EXTRACTED ENTRIES:
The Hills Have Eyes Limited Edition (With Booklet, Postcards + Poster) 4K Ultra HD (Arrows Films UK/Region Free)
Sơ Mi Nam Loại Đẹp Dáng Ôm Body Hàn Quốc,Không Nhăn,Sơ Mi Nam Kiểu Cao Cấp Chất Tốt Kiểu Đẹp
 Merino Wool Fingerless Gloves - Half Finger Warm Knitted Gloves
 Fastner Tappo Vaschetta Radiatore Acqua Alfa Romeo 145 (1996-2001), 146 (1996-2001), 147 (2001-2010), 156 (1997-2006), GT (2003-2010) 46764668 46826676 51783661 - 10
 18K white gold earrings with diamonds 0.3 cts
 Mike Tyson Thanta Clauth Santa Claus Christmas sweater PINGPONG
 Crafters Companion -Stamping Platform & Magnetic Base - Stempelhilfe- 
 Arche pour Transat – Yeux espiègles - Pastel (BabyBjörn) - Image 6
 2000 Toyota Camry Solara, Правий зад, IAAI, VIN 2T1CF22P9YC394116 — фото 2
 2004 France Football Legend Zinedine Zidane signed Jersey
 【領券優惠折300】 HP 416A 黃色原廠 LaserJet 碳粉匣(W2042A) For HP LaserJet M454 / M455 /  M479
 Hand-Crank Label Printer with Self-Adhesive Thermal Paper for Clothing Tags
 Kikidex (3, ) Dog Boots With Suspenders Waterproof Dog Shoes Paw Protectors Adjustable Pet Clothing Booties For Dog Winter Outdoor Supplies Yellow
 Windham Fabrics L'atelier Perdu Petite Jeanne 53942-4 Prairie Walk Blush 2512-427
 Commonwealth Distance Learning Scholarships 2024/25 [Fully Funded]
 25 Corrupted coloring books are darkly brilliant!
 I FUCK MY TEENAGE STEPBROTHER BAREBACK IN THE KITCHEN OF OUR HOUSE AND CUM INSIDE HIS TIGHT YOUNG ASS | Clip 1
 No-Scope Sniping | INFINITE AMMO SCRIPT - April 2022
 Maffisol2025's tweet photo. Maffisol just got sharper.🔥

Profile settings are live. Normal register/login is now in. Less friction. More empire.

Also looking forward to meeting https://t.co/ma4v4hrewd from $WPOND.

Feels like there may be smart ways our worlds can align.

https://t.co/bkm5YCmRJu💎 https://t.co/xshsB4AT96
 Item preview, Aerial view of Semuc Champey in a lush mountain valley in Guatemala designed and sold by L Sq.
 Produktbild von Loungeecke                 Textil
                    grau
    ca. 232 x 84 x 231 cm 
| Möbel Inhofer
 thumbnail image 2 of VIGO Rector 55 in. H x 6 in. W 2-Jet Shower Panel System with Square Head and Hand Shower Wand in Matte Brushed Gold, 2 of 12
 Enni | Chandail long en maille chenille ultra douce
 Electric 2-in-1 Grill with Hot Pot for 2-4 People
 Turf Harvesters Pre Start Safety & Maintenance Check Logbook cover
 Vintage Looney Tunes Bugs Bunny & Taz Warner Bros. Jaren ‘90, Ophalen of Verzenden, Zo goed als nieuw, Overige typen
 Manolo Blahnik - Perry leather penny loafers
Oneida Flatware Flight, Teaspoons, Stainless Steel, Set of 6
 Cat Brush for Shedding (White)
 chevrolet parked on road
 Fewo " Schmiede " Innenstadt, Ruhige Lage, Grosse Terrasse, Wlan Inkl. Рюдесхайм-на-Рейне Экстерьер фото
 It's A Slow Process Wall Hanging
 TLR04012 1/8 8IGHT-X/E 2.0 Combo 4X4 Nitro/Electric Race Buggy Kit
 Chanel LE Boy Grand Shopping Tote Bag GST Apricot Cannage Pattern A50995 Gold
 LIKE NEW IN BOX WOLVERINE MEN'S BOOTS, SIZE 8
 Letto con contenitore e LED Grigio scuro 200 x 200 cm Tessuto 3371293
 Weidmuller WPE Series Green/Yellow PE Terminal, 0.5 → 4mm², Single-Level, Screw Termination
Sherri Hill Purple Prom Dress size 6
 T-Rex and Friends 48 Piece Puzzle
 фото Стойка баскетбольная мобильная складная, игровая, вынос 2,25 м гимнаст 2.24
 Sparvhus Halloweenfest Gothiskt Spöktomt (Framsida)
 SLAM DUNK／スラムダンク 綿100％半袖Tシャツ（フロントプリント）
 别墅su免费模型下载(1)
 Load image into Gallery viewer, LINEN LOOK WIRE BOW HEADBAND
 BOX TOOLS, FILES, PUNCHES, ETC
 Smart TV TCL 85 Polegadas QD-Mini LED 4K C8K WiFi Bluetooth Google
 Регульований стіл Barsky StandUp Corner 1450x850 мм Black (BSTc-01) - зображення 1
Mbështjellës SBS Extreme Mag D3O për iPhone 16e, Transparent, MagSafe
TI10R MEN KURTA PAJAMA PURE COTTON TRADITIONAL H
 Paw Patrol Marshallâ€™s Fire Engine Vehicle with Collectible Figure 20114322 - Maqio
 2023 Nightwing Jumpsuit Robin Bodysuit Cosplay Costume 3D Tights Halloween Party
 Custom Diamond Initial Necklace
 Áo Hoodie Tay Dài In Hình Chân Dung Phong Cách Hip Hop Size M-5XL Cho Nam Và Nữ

WHAT TO PRODUCE: Search the listing for the word "Electric". Copy every line in which it occurs.

ANSWER BOX:
 Electric 2-in-1 Grill with Hot Pot for 2-4 People
 TLR04012 1/8 8IGHT-X/E 2.0 Combo 4X4 Nitro/Electric Race Buggy Kit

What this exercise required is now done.